[arch-general] archroot - proper way to Start Over? (rm -r $CHROOT/$USER)?

C Anthony Risinger anthony at xtfx.me
Wed Mar 7 16:48:08 EST 2012


On Wed, Mar 7, 2012 at 12:27 PM, C Anthony Risinger <anthony at xtfx.me> wrote:
>
> ... i thought you were asking a) "share a base read-only chroot", so
> you don't have to rebuild/clean it.  since the base is readonly, you
> must then --bind mount (shared/persistent) or create an empty
> repository (within the overlay only) at /repo (i believe there is some
> built-in support for this).  then you instruct makechrootpkg to (or
> manually) install the recently built package to that repository, and
> continue with next build.  when you want to start the next full
> rebuild (TQt3), you simply remove the unwanted packages from the
> chroot (eg, pacman -r {path-to-chroot}).

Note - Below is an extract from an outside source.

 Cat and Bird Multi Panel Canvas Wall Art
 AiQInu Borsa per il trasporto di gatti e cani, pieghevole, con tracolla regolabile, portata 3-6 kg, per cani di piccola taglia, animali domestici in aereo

^^^^^ i meant to describe the overlay stuff too ... was rushing out
the door to an appt ...

the above should work with or without an overlay.  the benefit of the
overlay/union is you can easy change layers, and isolate each build.
for example, the unionfs FUSE module i linked simply diverts your
writeable layer to a different directory, allowing you to stuff like
this:

-----------------------------------------------
APPLICATION (makepkg)
--> VFS [mkdir, unlink, *syscall]
--> /rw-build-XYZ (build layer)
--> /ro-tqt3 (core layer)
--> /ro-base (base layer)
-----------------------------------------------

... so, you'd start with 3 empty dirs, then:

) setup a base chroot in /ro-base (including ccache + configs)
) mount unionfs with [RO] /ro-base and [RW] /ro-tqt3
) install core packages needed by TQt3
) ... all changes, and only the changes, will now be in /ro-tqt3
) remount: [RO] /ro-base, [RO] /ro-tqt3, [RW] /rw-build-NAME
) perform build (ensure .ccache dir is available inside chroot)
) install to /repo
) [repeat the last 3 steps for each package]

... may need adjustments; pacman doesn't like any of this.  i've never
done 3 layers like i briefed above -- you could put each pkg in a
separate layer if you *really* wanted -- but i frequently use 2, the
ro-base and rw-build-NAME. seriously, ccache makes stuff so fast that
it's probably slower to putz around vs. just using a fresh rw-build-*
each time you need to.

although, it might be kind of cool to extract all of your source
tarballs to separate dirs, say:

-----------------------------------------------
/path/.../layers/out/@trinity-20120307/{source}
[...]
/path/.../layers/in-out/@repo-20120307/repo
[...]
/path/.../layers/in/@base/{mkarchroot}
[...]
/path/.../layers/in/arts/PKGBUILD
/path/.../layers/in/dbus/PKGBUILD
/path/.../layers/in/caldav/PKGBUILD
/path/.../layers/in/tdelibs/PKGBUILD
-----------------------------------------------

... then mount it up so it looks something like this (one command, see
unionfs options):

-----------------------------------------------
APPLICATION (makepkg)
--> [RW] @trinity-20120307/
--> [RW] @repo-20120307/
--> [RO] @base/
--> [RO] arts/
--> [RO] dbus/
--> [RO] caldav/
--> [RO] tdelibs/
-----------------------------------------------

... hell, you could fancy and use individual git repos + commit when
you update a src ... throw in a few scripts and you might have a
pretty cool build system capable of building any available combination
of pkg X, Y, Z, *and* rolling back in time to build against older
versions with a simple `git checkout` ... yeah, i'm going to play with
this.

o_O

are you sufficiently confused yet?  because i can keep going if you
like :-) but i'm getting a bit lost myself.  the point of the exercise
is that unionfs and other layering solutions permit incredible build
re-use and flexibility.  the biggest challenge is making pacman to
deal with the craziness ... we need a proxy pacman db (FUSE) that will
lie to pacman when it tries to read it.

tldr; try a 2-layer setup and see how it works for you.